Create an R Markdown file to do the following:

  1. Create an R chunk to load the data using:
library(FANR6750)
data("treeHt")
  1. Create a header called “Hypotheses” and under this header, indicate, in plain English, what the null and alternative hypotheses are. Also use R Markdown’s equation features to write these hypotheses (to the extent possible) using mathematical notation

  2. Create a header called “ANOVA by hand”. Under this header, perform an ANOVA analysis (degrees of freedom, sums-of-squares, mean-squares, and F-value) without using aov(). Compute either the critical value of F, or the p-value. Be sure to annotate your code.

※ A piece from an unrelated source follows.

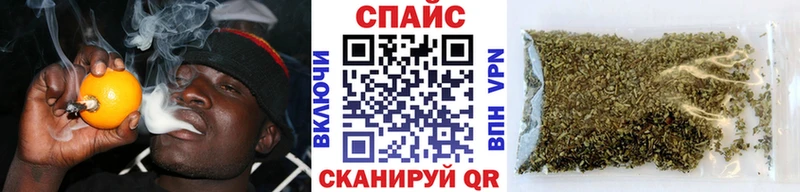 купить Нижневартовск Бутират GHB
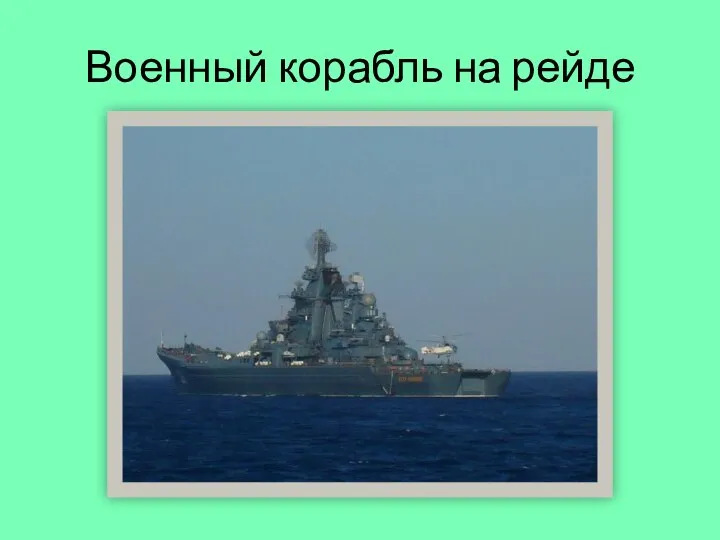 Военный корабль на рейде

  3. Create a header called “ANOVA in R”. Under this header, perform an ANOVA analysis on the data using the aov() function

  4. Under a subheader called “ANOVA results”:

    • indicate whether or not the null hypothesis can be rejected at the \(\alpha = 0.05\) level

    • include a well-formatted ANOVA table using the broom::tidy() function

    • create a barplot showing the group means and SEs

  5. Create a header called “Which means are different?”. Use Tukey’s HSD test to determine which pairs of means differ at the \(\alpha = 0.05\) level. Include a few sentences indicating which pairs are different

A few things to remember when creating the assignment:

  • Be sure the output type is set to: output: html_document

  • Title the document: title: "Homework 1"

  • Be sure to include your first and last name in the author section

  • Be sure to set echo = TRUE in all R chunks so we can see both your code and the output

  • Please upload both the html and .Rmd files when you submit your assignment

  • See the R Markdown reference sheet for help with creating R chunks, equations, tables, etc.